Python Backtesting Mean Reversion – Part 4

Python Backtesting Mean Reversion – Part 4

Categories Trading Strategy Backtest

I thought I’d finish off this short series of Python Backtesting Mean Reversion by providing a full, executable script that incorporates the use of SQL queries to extract our ticker symbols from the SQLite database we created in an earlier post (This can be found here)

In this particular example I have decided to run a series of backtests on ticker symbols from the database, based upon a “Niche” of “Gold Miners”. In theory this selection of tickers based upon some non-arbitrary, meaningful grouping criteria should allow us to focus in on pairs of symbols that are more likely to have statistically meaningful co-integration of prices series.

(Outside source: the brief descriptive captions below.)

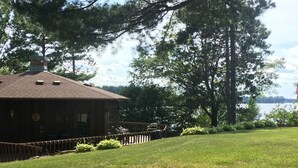 A wooden cabin with a deck, surrounded by a grassy lawn and trees, overlooking a body of water. - Waterfront Lake House on Scenic Lake Nokomis (Tomahawk)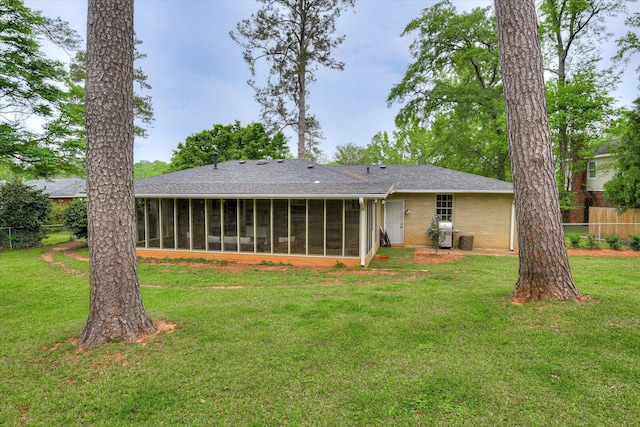 3122 Ramsgate Rd, Augusta, GA 30909 - rear view of house featuring a sunroom and roof with shingles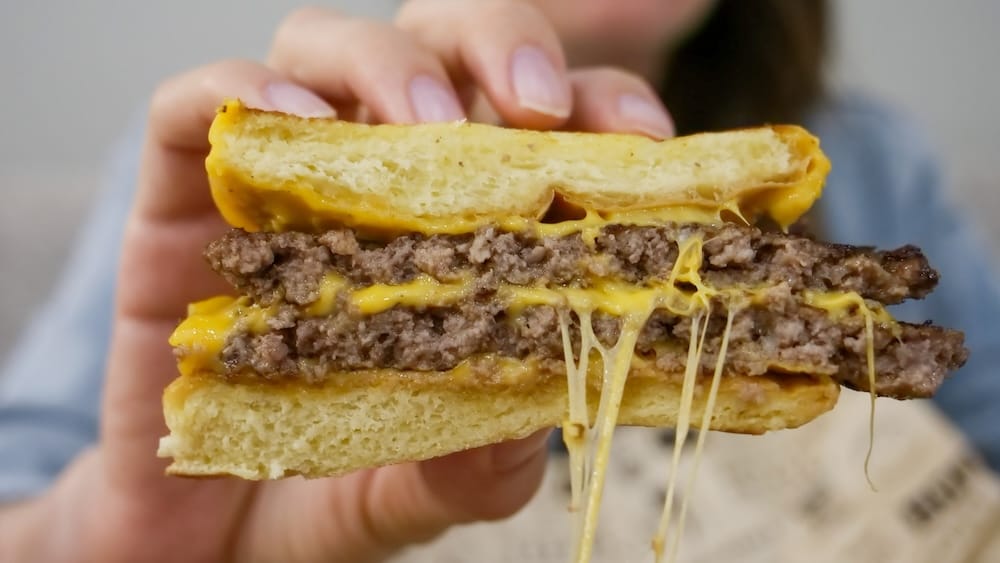 Hamburguesa doble con queso derretido estirándose, Wayback Burgers, Edmonton, Alberta, Canadá — Audrey Bergner Audrey Bergner sostiene la mitad de una hamburguesa doble con queso de Wayback Burgers en Edmonton, Alberta, Canadá, mostrando dos medallones de carne, queso derretido estirándose entre las capas y un pan dorado y mantecoso.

To test other groups of symbols, all we have to do is update the SQL query based upon whichever criteria we are interested in….just as an example, we could change the query to select symbols based upon an “Asset Class” of “Fixed Income”. The possible combinations are obviously plentiful, and we could even incorporate multiple criteria at once to hone our focus even further.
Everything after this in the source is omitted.